25. Scaling the Cluster
When a new node is added into the system, it gets assigned a token such that
it can alleviate a heavily loaded node.
● Bootstrap algorithm is initiated from any other node in the system
● The node giving up the data streams the data over to the new no de
using kernel-kernel copy techniques.
● Operational experience has shown that data can be transferred at the
rate of 40 MB/sec from a single node.
● Improving this by having multiple replicas take part in the bootstrap
transfer thereby parallelizing the effort, similar to Bittorrent
26. Local Persistence
● Typical write operation involves a write into a commit log for durability and
recoverability and an update into an in-memory data structure.
● The write into the in-memory data structure is performed only after a successful
write into the commit log
● When the in-memory data structure crosses a certain threshold, it dumps itself to
disk
● Over time many such files could exist on disk and a merge process runs in the
background to collate the different files into one file.
27. Local Persistence
Speed Up
● Bloom Filter: avoid lookups into files that do not contain the key
● Column Indices: prevent scanning of every column on disk and which allow us to
jump to the right chunk on disk for column retrieval
29. Practical Experiences
● Use of MapReduce jobs to index the inbox data
○ 7 TB data.
○ Special back channel for MR to process aggregate reverse index per user and
send over the serialized data.
● Atomic operations
● Failure detection is difficult
○ Initial: 2 minutes for a 100-node setup. Later, 15 seconds.

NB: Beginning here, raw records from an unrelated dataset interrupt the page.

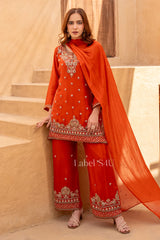 Vermilion Zari Embroidered Kurta Palazzo Ensemble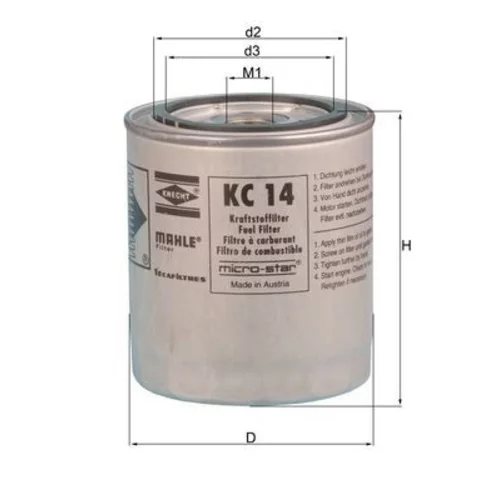 Palivový filter MAHLE KC 14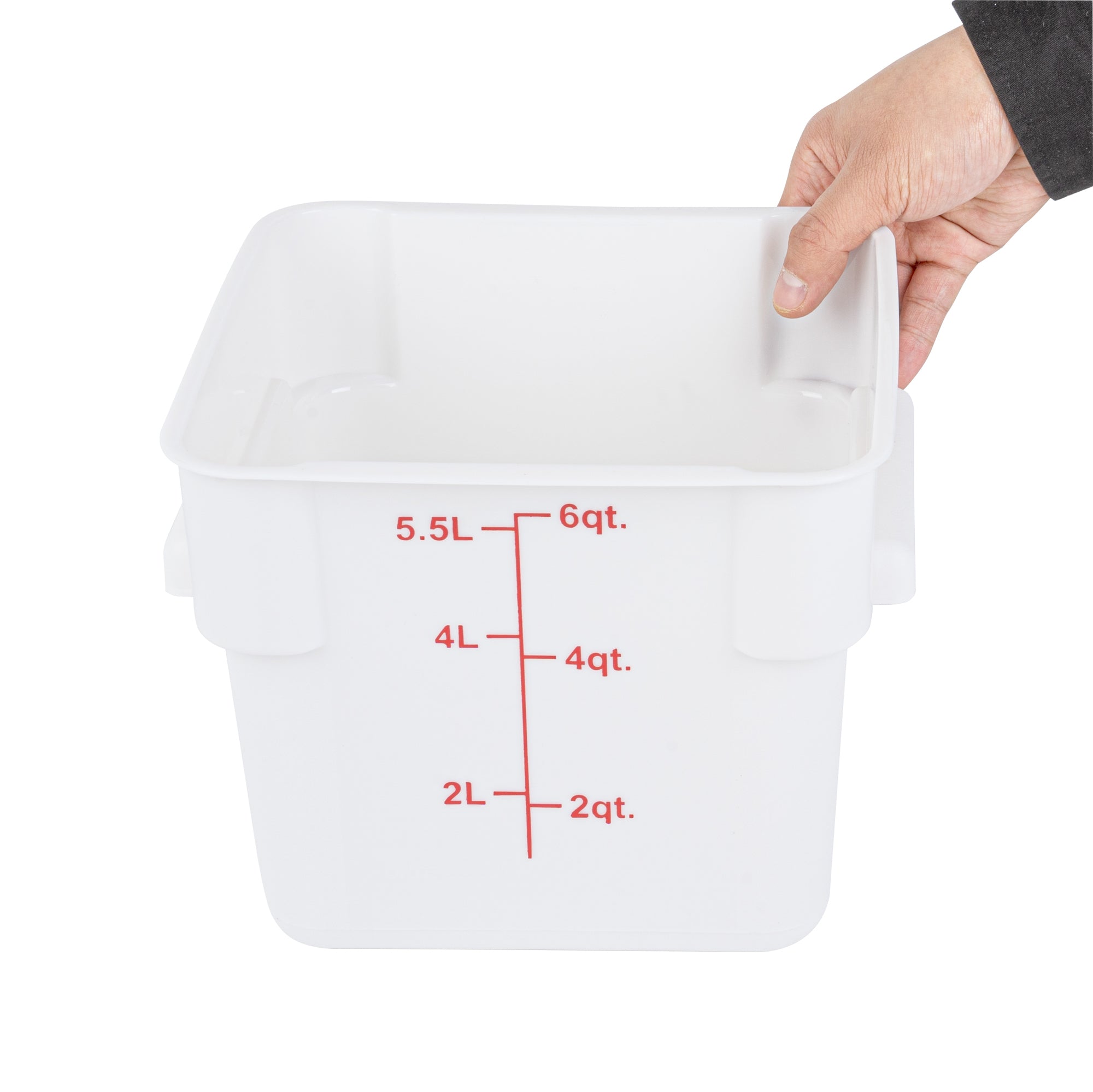 Met Lux 6 qt Square White Plastic Food Storage Container - with Red Volume Markers - 9" x 9" x 7 1/2" - 10 count box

● Integrated with Ganglia for monitoring.
● Some coordination with Zookeeper.
30. Facebook Inbox Search
● Per user index of all the messages
● Two search features: Two column families.
○ Term Search
■ <user_id, message> : message becomes the super-column.
■ Individual message identifiers that contain the word become columns.
○ Interactions
■ <user_id, recipients_user_id> : recipients_user_id is the super-column.
■ Individual message identifiers are the columns.
● Caching user’s index as soon as he/she clicks the search bar.
● Current: 50 TB, on 150 Node cluster (East/West coast data centers).